All construction and refurbishment works from minor projects to our largest developments must be registered under the Considerate Contractors Scheme, which measures our contractors and construction sites against health and safety and social criteria.
Slavery, forced labour and human trafficking is a standing agenda item at all our major project Principals meetings to heighten awareness of the risk of slavery and human trafficking within ongoing development projects.
Procurement and supply chain monitoring
We use Safety Systems in Procurement (SSIP) prequalification schemes to ensure all our contractors have been appropriately vetted for health and safety and other ethical matters and have incorporated reference to our Supplier Code and Sustainability Policy in all new development and facilities management contracts.
Independent Labour Practice Audits are undertaken at our construction sites with a value of over £5 million and unannounced site visits are undertaken of our cleaning contractors to monitor payment of the London Living Wage.
During the year ended 31 March 2018:
- Independent Labour Practice Audits were rolled out for all our active construction sites over £5 million, raising awareness of our commitment to eradication of slavery and human trafficking from our supply chain. This process includes a feedback mechanism where potential improvements to welfare conditions were identified.
- We joined “BuildingConfidence”, the Achilles pre-qualification platform for contractors to improve contractor vetting.
- Unannounced visits were undertaken for a number of our cleaning contracts to review payment of London Living Wage and to undertake annual ethics audits.
- A review found that due to licensing procedures, and our current monitoring of the implementation of those procedures, our security contractors did not need to be classified as higher risk suppliers.
- We undertook a review of our Sustainable Development Brief to include more stringent requirements on ethical procurement processes.
- We launched our long term vision for Sustainability which publicly committed to working with our suppliers to eradicate Modern Slavery from the supply chain
During the year ended 31 March 2018, building on the training programme undertaken during the previous year, a seminar was provided on the risks of Modern Slavery for our organisation. Our community strategy, which includes requirements in connection with modern slavery was communicated to our development, portfolio management and occupier services teams.
Further training will be undertaken during the year ending March 2019 to communicate our updated Sustainable Development Brief which includes more stringent ethical procurement processes. The risks of human trafficking and the Group’s related policies are covered as part of our induction process for all new employees with the Head of Sustainability and Company Secretary.

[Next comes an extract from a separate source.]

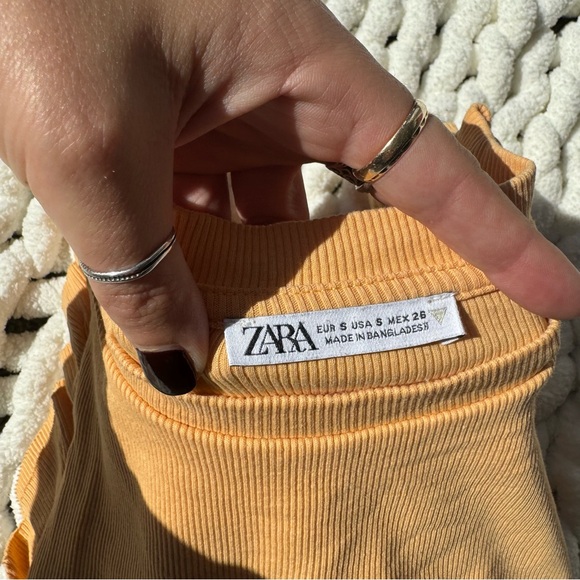 SOLD - Picture 7 of 9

Whilst we have no reason to believe that slavery, forced labour or human trafficking has occurred within our supply chains based on the policies, actions and measures taken above, we will work to consider relevant training and to develop best practice in the prevention and protection of slavery, forced labour and human trafficking within our supply chain. During the year ending 31 March 2019 we will:
- continue our auditing programme for our construction projects and cleaning contractors;
- carry out a review of our initial modern slavery risk assessment and supply chain mapping to consider whether further auditing may be required;
- launch our updated Sustainable Development Brief which includes more stringent requirements on ethical procurement processes; and
- undertake refresher training for our employees.
1 For the purposes of this statement, references to slavery and human trafficking are based upon the definition in the UK Modern Slavery Act 2015.